La Fundación Largo Caballero (de UGT) organiza hasta el 4 de junio el ciclo Literatura y movimiento obrero, con el apoyo de instituciones como el Instituto Cervantes, la Universidad de Alcalá o el Ministerio de Cultura. Aquí el tema se encuentra en, digamos, su hábitat natural, auspiciado por un sindicato. Pero la reflexión sobre el trabajo o la lucha de clases en literatura trasciende desde un tiempo estos espacios. Lo dice Elvira Navarro, ponente junto a Isaac Rosa de una de las charlas del ciclo, el próximo 1 de junio. “Hay muchos libros que están cuestionando la situación actual y que hablan del trabajo, ya sea como tema principal o como ineludible contexto de fondo”, defiende. “No solo diría que el interés se ha recuperado, sino que está en primerísimo plano”.

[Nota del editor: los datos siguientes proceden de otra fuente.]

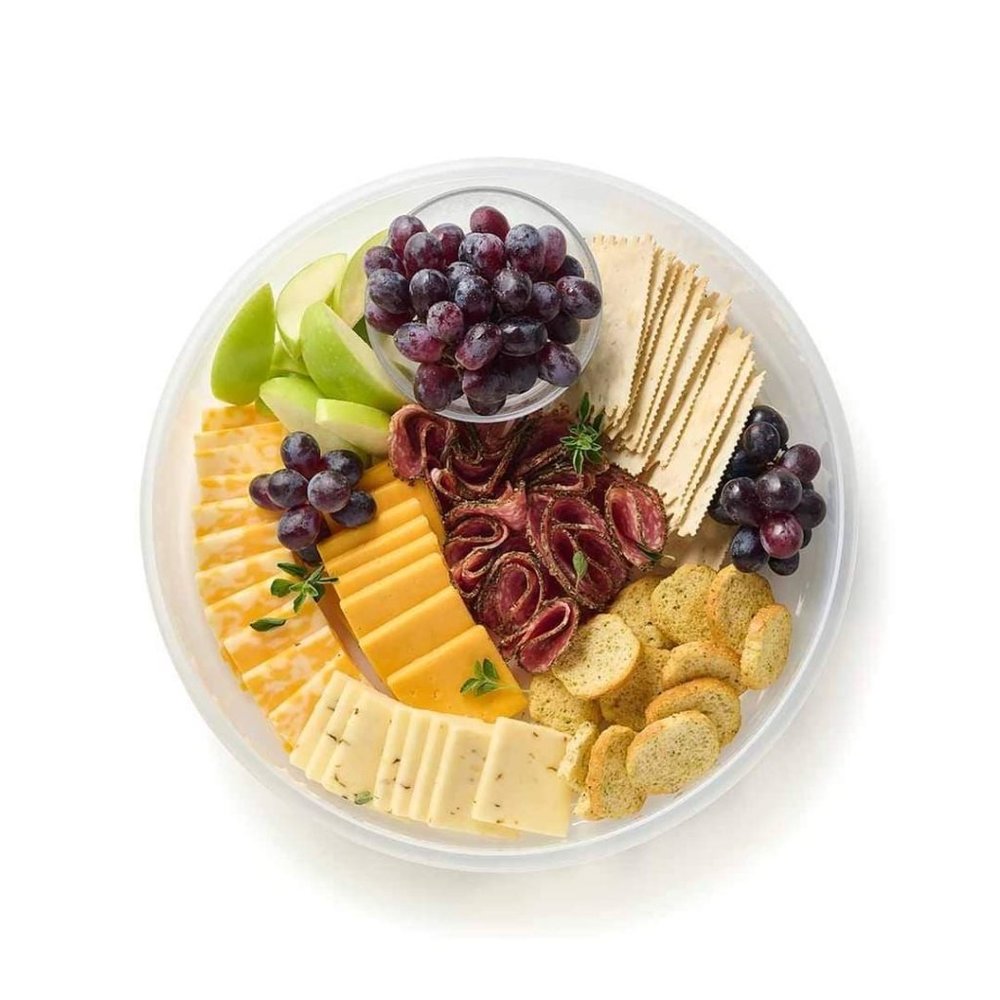 Tupperware Round Container - Picture 5 of 14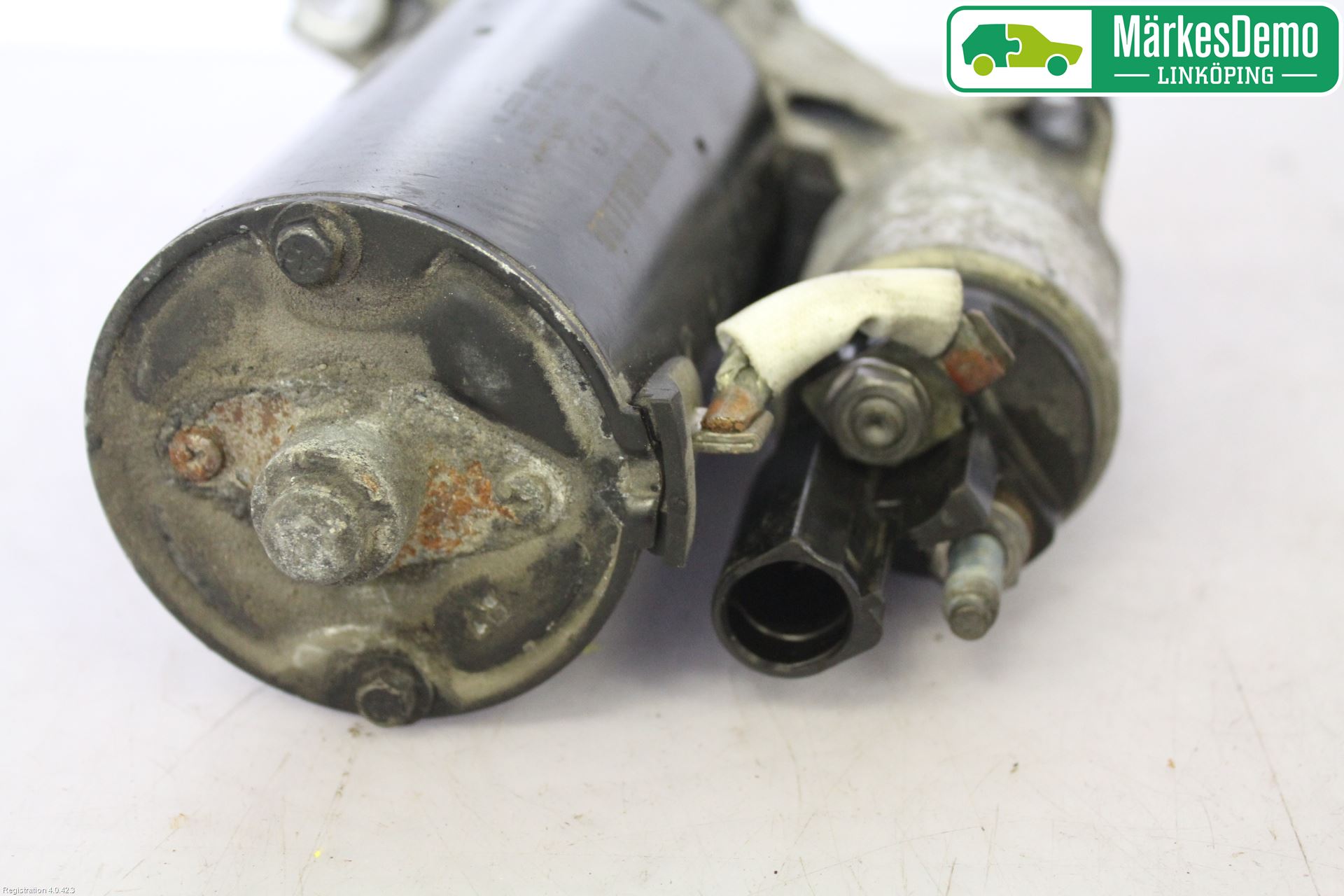 Audi Q5 09-16 Startmotor Diesel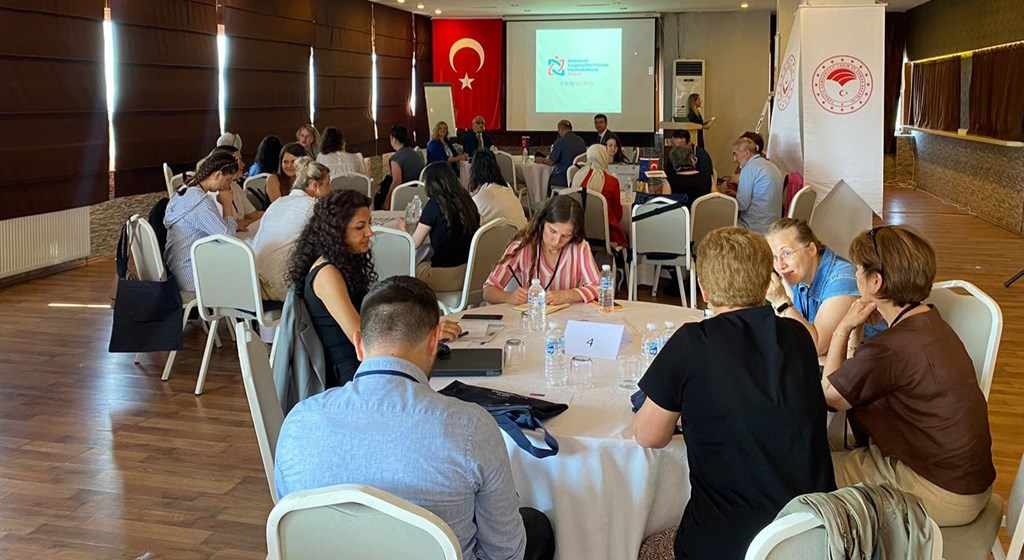 Kadınların Kooperatifler Yoluyla Güçlendirilmesi Projesi Toplantısı Düzenlendi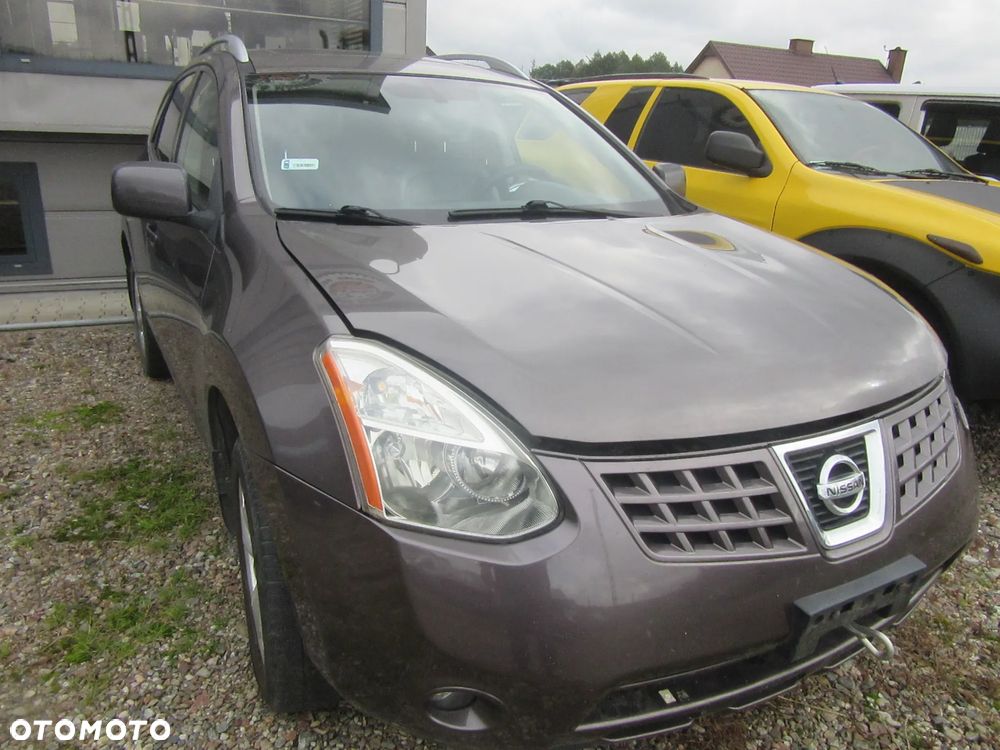 Nissan Rogue 2009r. na części - 2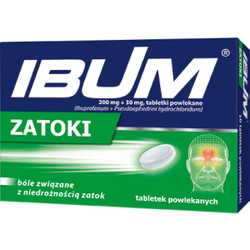 Zdjęcie produktu Ibum Zatoki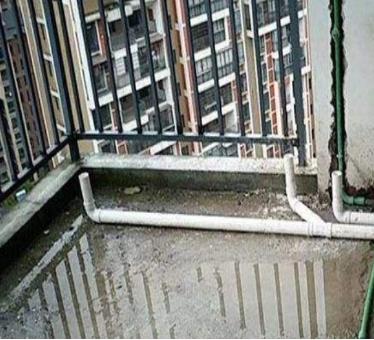 平凉市漏水维修 阳台漏水怎么修理?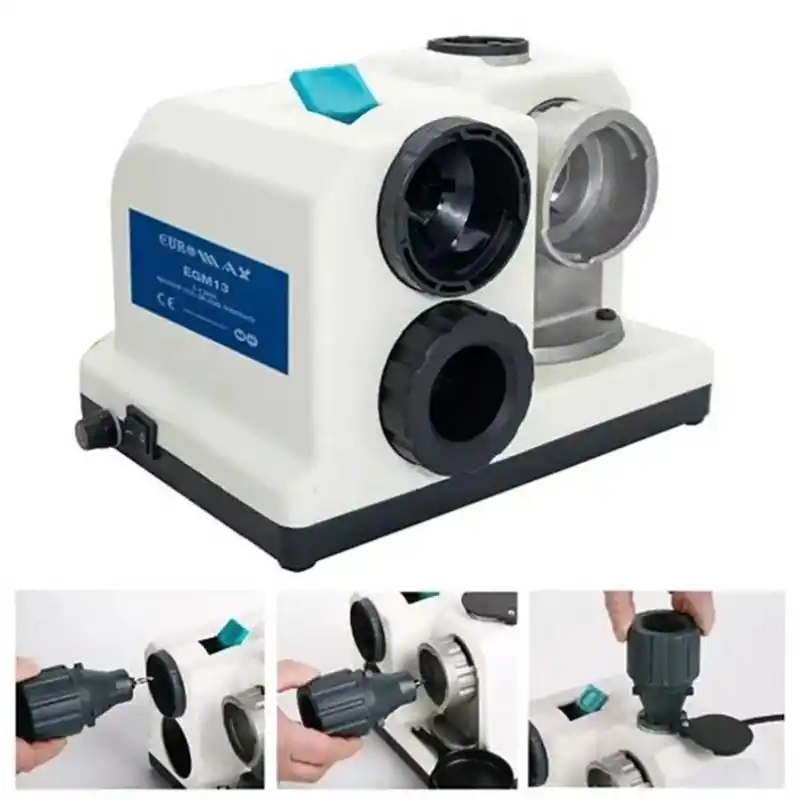 Euromax GM13 Matkap Ucu Bileme Makinesi 13mm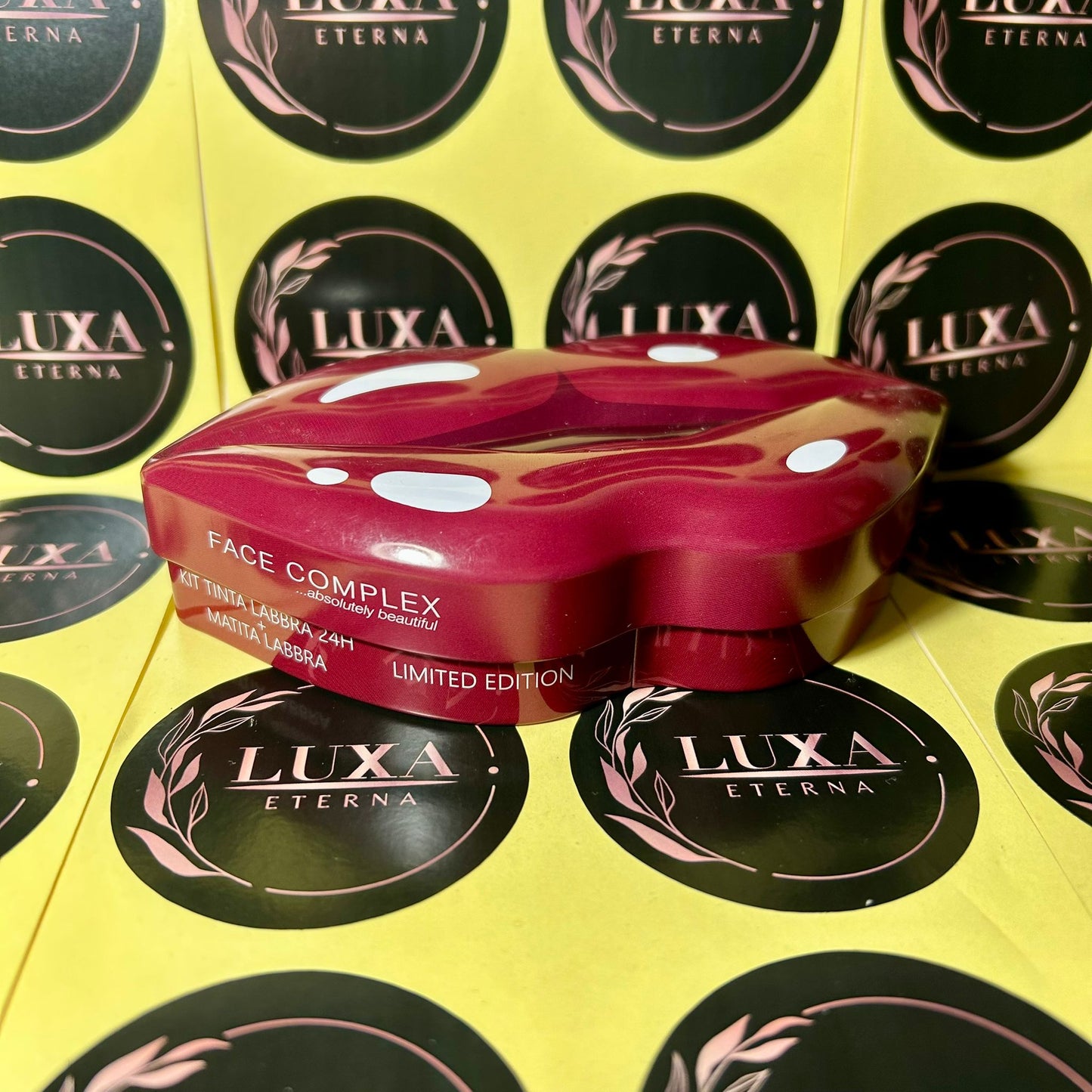 Face complex kit tinta labbra + matita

Ella nombra un puñado de obras de autores nacidos entre finales de los setenta y principios de los noventa: Nada ilegal, nada inmoral de Adrián Grant, Desencajada de Margaryta Yakovenko, Feria de Ana Iris Simón, Televisión de María Cabrera, Filtraciones de Marta Caparrós y La muela de Rosario Villajos. Luis García Montero, director del Instituto Cervantes, suma a Elena Medel con Las maravillas y, fuera de la narrativa, a poetas como Carlos Catena Cózar o Rosa Berbel, todos nacidos en los ochenta y noventa. Isaac Rosa suma Cosas vivas de Munir Hachemi, de la misma quinta, pero también a Belén Gopegui, Marta Sanz o Rafael Reig, de los sesenta y con una carrera más que consolidada, y a otros como Rafael Chirbes, fallecido en 2015. Habría que sumarles a ellos mismos, a Navarro con títulos como La trabajadora o a Rosa con novelas como La mano invisible. No son, claro, los únicos.

Literatura obrera / de clase / social / otras

Como suele suceder, el conflicto empieza en la terminología. Cuando se habla se narrativa obrera, señala el crítico y escritor Manuel Rico —que también participa en el ciclo—, hay que mirar a dos puntos concretos de la historia de España: a las primeras décadas del siglo XX, especialmente a los años de la República, y a la posguerra en los años cincuenta y sesenta, con escritores a menudo en el exilio y habitualmente asociados al Partido Comunista. En el primer grupo, Rico señala al socialista Julián Zugazagoitia, con novelas como El asalto o El botín, Joaquín Arderíus, con Campesinos, o Luisa Carnés con Tea Rooms, recuperada en 2016 por Hoja de Lata. En el segundo grupo, menciona a Armando López Salinas, autor de La mina, a Antonio Ferres, con La piqueta o a Jesús López Pacheco, con Central eléctrica, además de a otros autores menos interesados en la literatura militante pero igualmente comprometidos, como Juan García Hortelano, con Nuevas amistades o Tormenta de verano, a Juan Goytisolo con La resaca o a Rafael Sánchez Ferlosio con El Jarama. Eso sin entrar en el verso, donde el debate en torno a la poesía social ha estado muy vivo.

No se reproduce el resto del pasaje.